Your work will be marked offline and returned to you with comments. We may automate some tests on your code so please do not edit the general layout (e.g. headings) of the provided files and make sure you use the specified predicate names.
The marking scheme is as follows. • Part 1 (10 marks)
1. (1 mark) for correct safe_list/1
2. (2 marks) for correct safe_design/1, 1 mark if missing a case
3. (2 marks) for correct count_shields/2, 1 mark if missing a case
4. (4 marks) with 2 marks for split_list/2 and 2 marks for the final design_uses/2
5. (1 mark) for answering questions correctly (0.5 for first, 0.3 for second, 0.2 for third)
• Part 2 (10 marks)
6. (2 marks) for correct data structures and helper predicates (Exercise 6)
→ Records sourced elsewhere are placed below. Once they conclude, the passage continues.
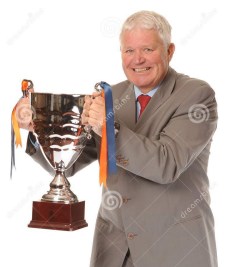 successful-mature-businessman-holding-trophy-14651465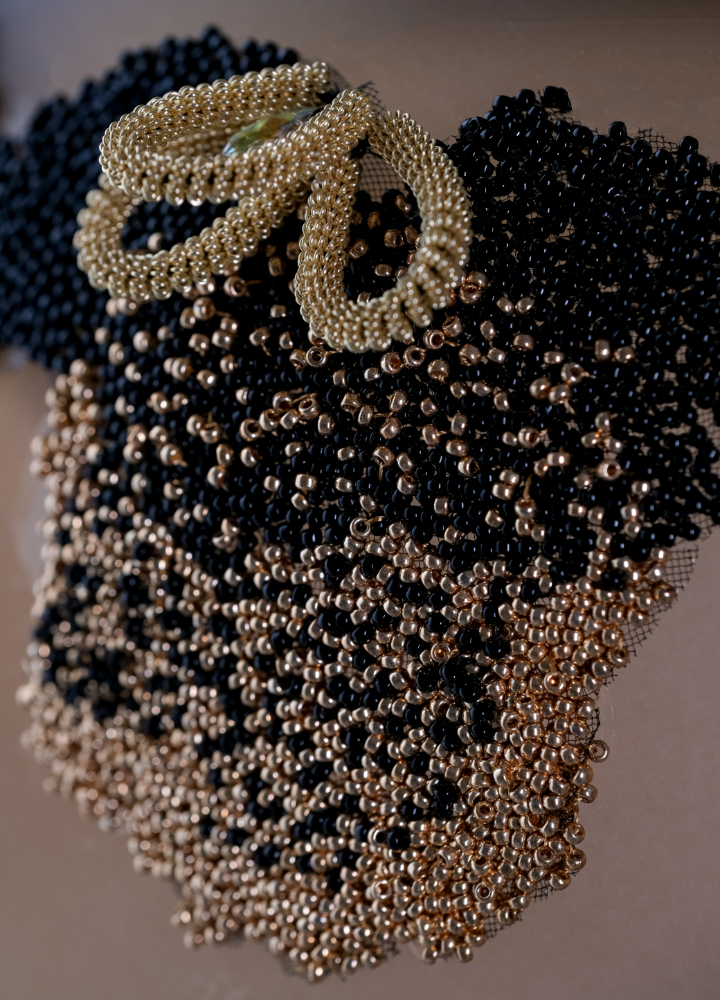 detail_broderie_sur_bouteille_de_vin Gros plan sur une création brodée de Ghislaine Bascou alliant perles, textures et motifs inspirés de la nature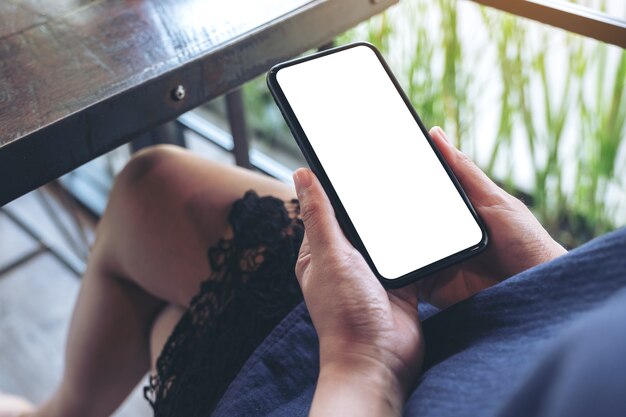 Femme tenant un téléphone mobile noir avec écran de bureau vide alors qu'il était assis dans un café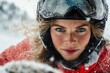 © Milos - A close-up shot captures the intense focus of a snowmobile rider, eyes locked ahead, with freckles visible through her clear visor surrounded by blowing snow.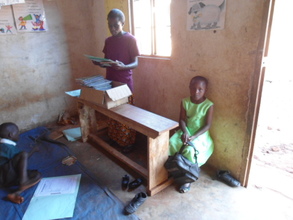 Teacher Annet helping Baby Class kids.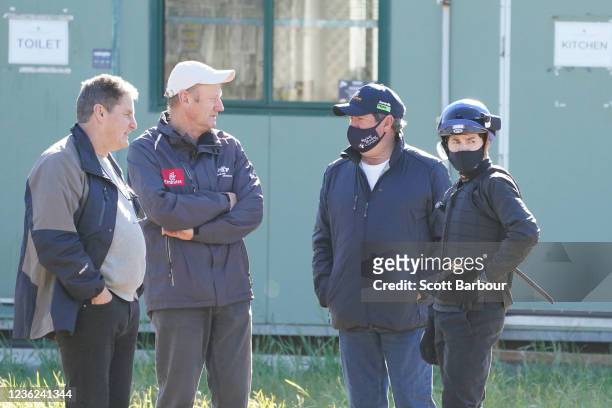 Trainer Tony Noonan talks with jockey Craig Williams during trackwork at Werribee Racecourse on October 31, 2021 in Werribee, Australia.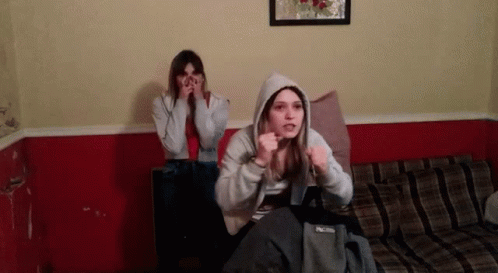 Two Girls on Couch One Wearing Hoodie
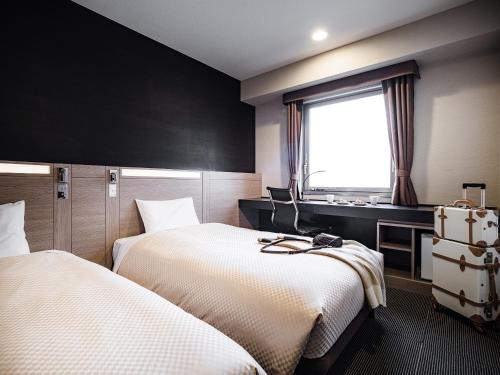 冈山冈山三井花园酒店 的酒店客房设有两张床和窗户。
7. (3 marks) for a correct inefficient solution, 2 marks if mostly correct, 1 mark if attempt made
8. (1 mark) for a correct discussion of the reasons for non-termination and fair enumeration
9. (3 marks) for a correct efficient solution, 2 marks if mostly correct, 1 mark if attempt made
10. (1 mark) for providing a query and explanation to show that the efficient solution terminates
You must provide explanations of the work you have done as comments in the submitted files. These should go beyond standard comments in programs and should not simply reiterate the rules in English e.g. aim to explain the idea not the code. In all cases, up to half of the marks may be deducted if the explanation of the code is not sufficient. You should aim to write in full sentences. You may include brief examples.